Members of the Piedra Vista wrestling team pose for a photo as part of Save Olympic Wrestling’s Take A Stance campaign during Friday night’s
Members of the Piedra Vista wrestling team pose for a photo as part of Save Olympic Wrestling's Take A Stance campaign during Friday night's football game at Hutchison Stadium in Farmington. (Courtesy of Levi Stout)

FARMINGTON  A big victory for one of the world's oldest sports resulted in a loss for two of the most popular sports.

The International Olympic Committee reinstated wrestling as an Olympic sport just months after announcing its removal in February. Wrestling received 49 votes from IOC delegates on Sunday to earn the final spot in the 2020 and 2024 summer games. Wrestling beat out a combined bid from baseball and softball, which received 24 votes, and squash, which earned 22 votes.

Sunday's announcement was followed by jubilation from wrestling communities across the globe who rallied to make drastic changes to the sport's rules and presentation to appeal more to the Olympic organizers and audience.

"Getting Olympic wrestling reinstated just proves how popular and powerful this sport really is not only in the United States, but worldwide," said Piedra Vista High School's wrestling coach Levi Stout, who was active in the Save Olympic Wrestling campaign. "It was overwhelming to be in the middle of the Save Olympic Wrestling network. I have been flooded with emails and direct messages."

Stout said the wrestling family rallied together over the last seven months to help save the sport.

"Everyone from Dan Gable to Cael Sanderson to our little Four Corners community of supporters, I feel like we all did our part," said the three-time state championship winning coach.

Stout called Sunday's announcement a big victory for wrestling at all levels, especially at the youth level where future Olympians are made.

"It keeps the dream alive. There are a lot of kids that are too small for football or too short for basketball. Those kids become wrestlers," he said. "They are young, but they set goals to one day wrestle in the Olympics."
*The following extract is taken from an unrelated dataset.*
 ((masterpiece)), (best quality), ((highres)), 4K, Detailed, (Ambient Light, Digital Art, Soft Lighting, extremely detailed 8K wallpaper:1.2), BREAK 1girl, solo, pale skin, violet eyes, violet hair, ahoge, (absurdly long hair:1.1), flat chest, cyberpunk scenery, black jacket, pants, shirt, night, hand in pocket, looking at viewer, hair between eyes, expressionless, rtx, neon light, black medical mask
While wrestling fans celebrated, those hoping for softball's return to the Olympics were left questioning their strategy, especially after wrestling's media blitz left few doubting wrestling would take the bid ahead of softball.
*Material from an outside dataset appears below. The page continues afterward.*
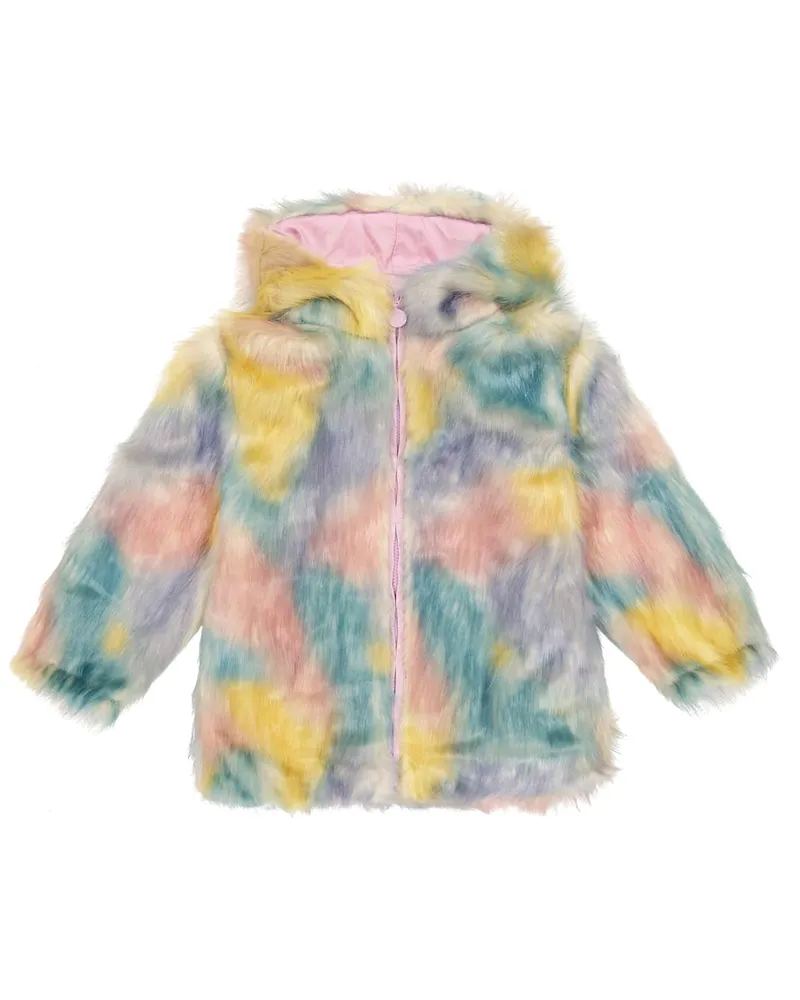 Stella McCartney Kids Jacke aus Faux Fur Multicolor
"When the IOC cut wrestling in February, it had the inside track to bring that back ASAP, which they should and I totally agree with," said Piedra Vista softball head coach Kevin Werth, who has won eight consecutive 4A state titles and has been named a National High School Coaches Association National Coach of the Year. "Wrestling should be in the Olympics, but, if wrestling wasn't there, softball would have had a much better shot. I tend to agree that softball should not have been paired up with baseball as a joint bid. Softball should have probably stayed independent."

The IOC eliminated the sport, which has been heavily associated with performance enhancing drugs, in 2005. That vote also eliminated softball, and the two sports have been trying to regain Olympic status ever since.
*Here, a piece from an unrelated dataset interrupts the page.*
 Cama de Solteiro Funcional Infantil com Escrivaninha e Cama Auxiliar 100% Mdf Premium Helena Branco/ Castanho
Werth said Olympic softball has a more important role than baseball when it comes to youth.

"We have to look at it more for females. For young boys, Major League Baseball exists. They have that option that softball girls don't," Werth said. "Most young boys dream to play Major League Baseball, but young girls, their dream is to play in the Olympics for the national team. That has been taken away, and it is sad they can't reinstate it because softball has become a competitive global sport."

Werth thought softball stood its best chance to be reinstated for the 2020 games in Tokyo because Japan won the last gold medal in the event in the 2008 games. With sports such as speed-walking, table tennis, trampoline and badminton still on the Olympic program, Werth said the IOC needs to take a serious look at popular sports like softball.

"The softball community will keep fighting and growing and try to one day make it back to the Olympics," he said. "They talk about softball being a popular television sport on ESPN, but I don't know. I have a bean bag toss game at my house, maybe I will work on that in case they decide to make that an Olympic sport instead of softball."